[AVAILABLE DATA]
= = = = =
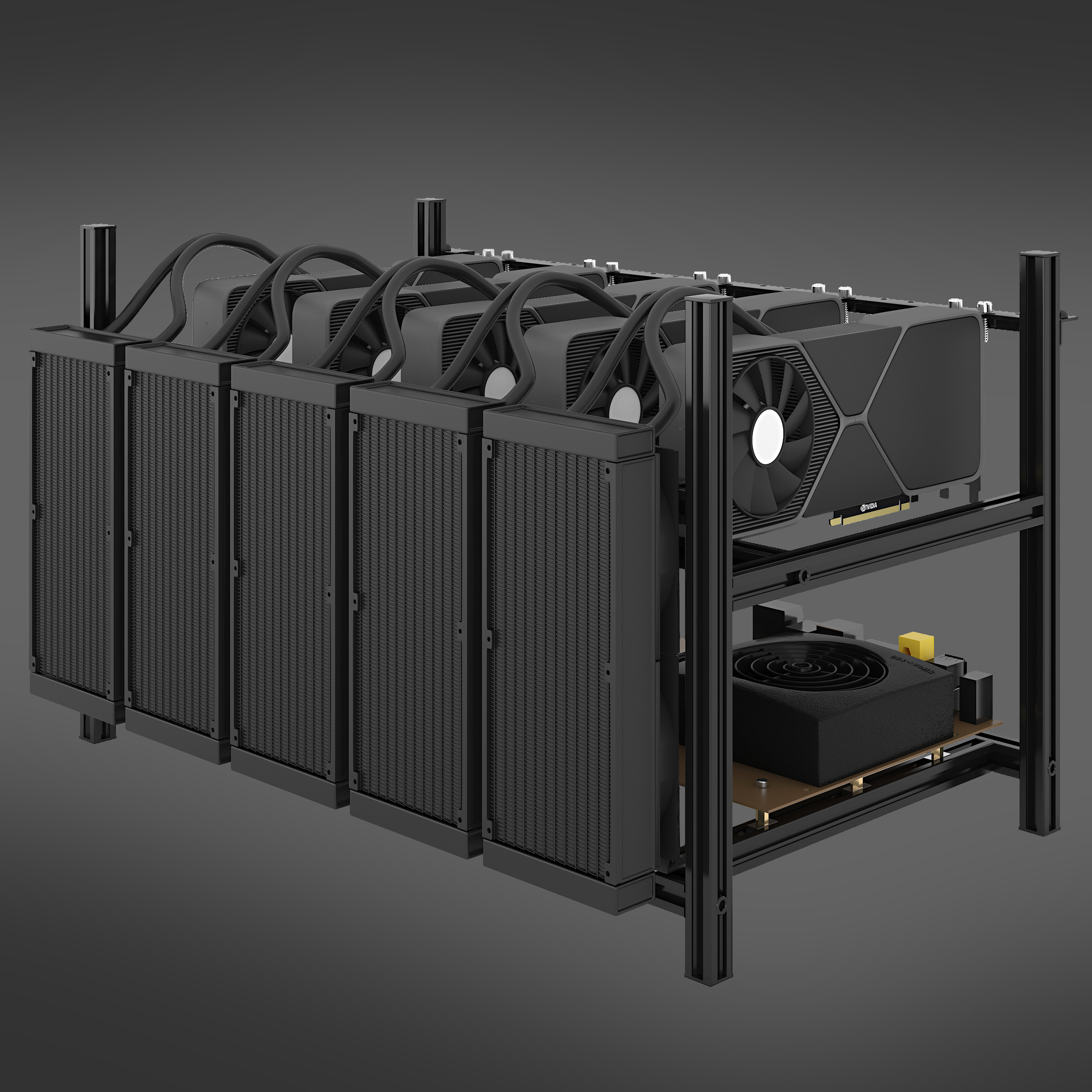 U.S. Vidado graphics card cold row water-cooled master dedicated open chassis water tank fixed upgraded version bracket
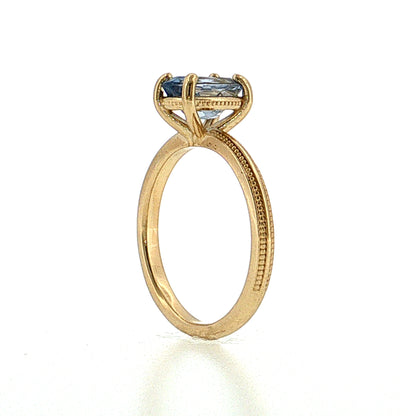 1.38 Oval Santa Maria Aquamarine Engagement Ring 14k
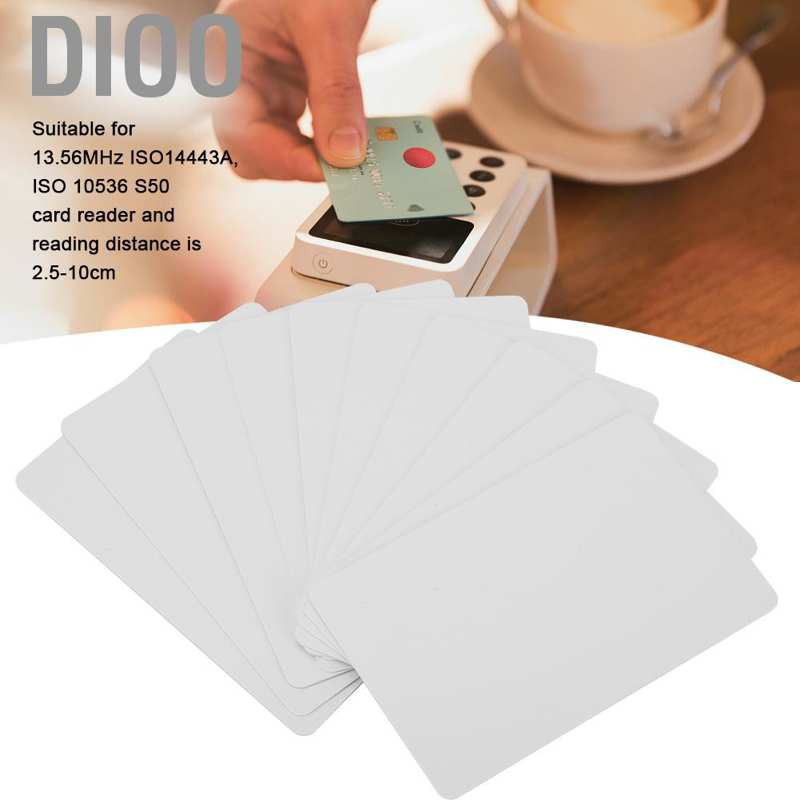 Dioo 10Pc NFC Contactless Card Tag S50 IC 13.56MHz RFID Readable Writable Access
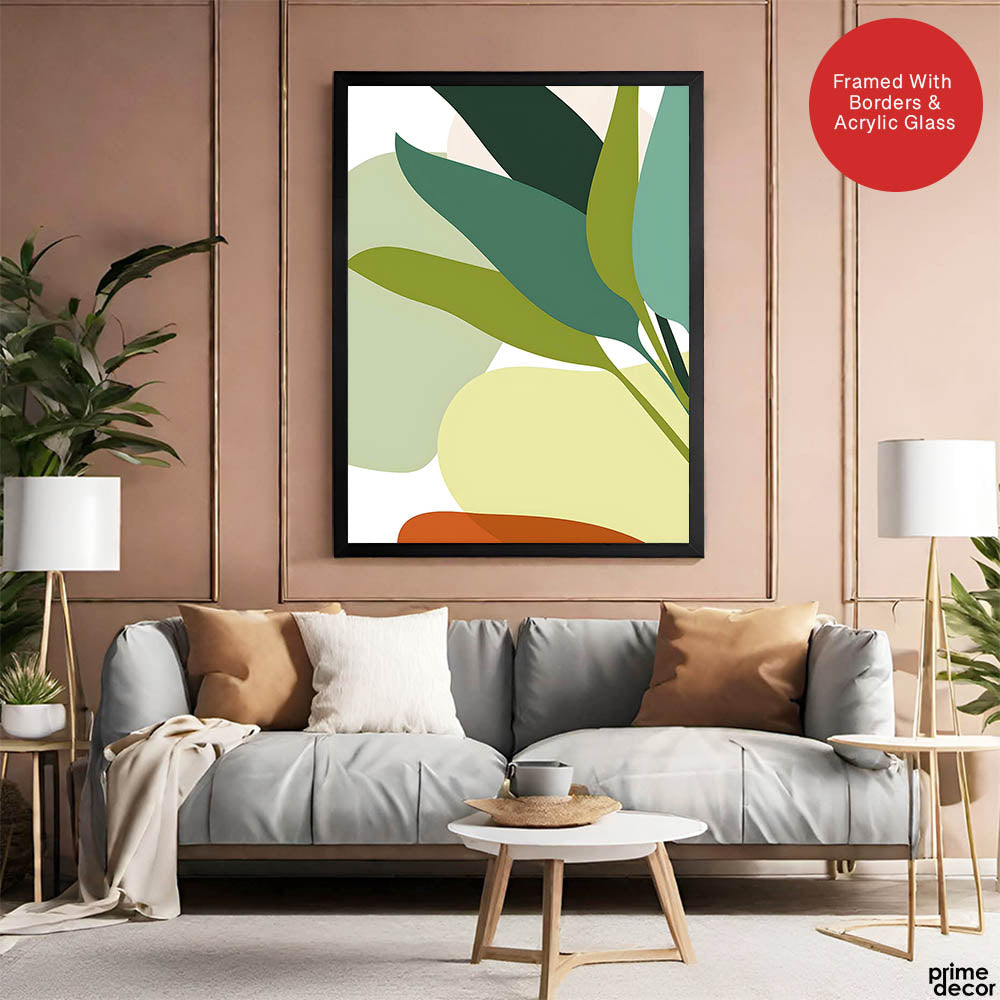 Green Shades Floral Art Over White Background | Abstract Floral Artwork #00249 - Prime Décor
= = = = =
[PROMPT]
All lines from the one holding "1.38 Oval Santa" through the last line of the material above should be set down exactly, and the pictures should be left out.

[TASK RESULT]
 1.38 Oval Santa Maria Aquamarine Engagement Ring 14k
 Dioo 10Pc NFC Contactless Card Tag S50 IC 13.56MHz RFID Readable Writable Access
 Green Shades Floral Art Over White Background | Abstract Floral Artwork #00249 - Prime Décor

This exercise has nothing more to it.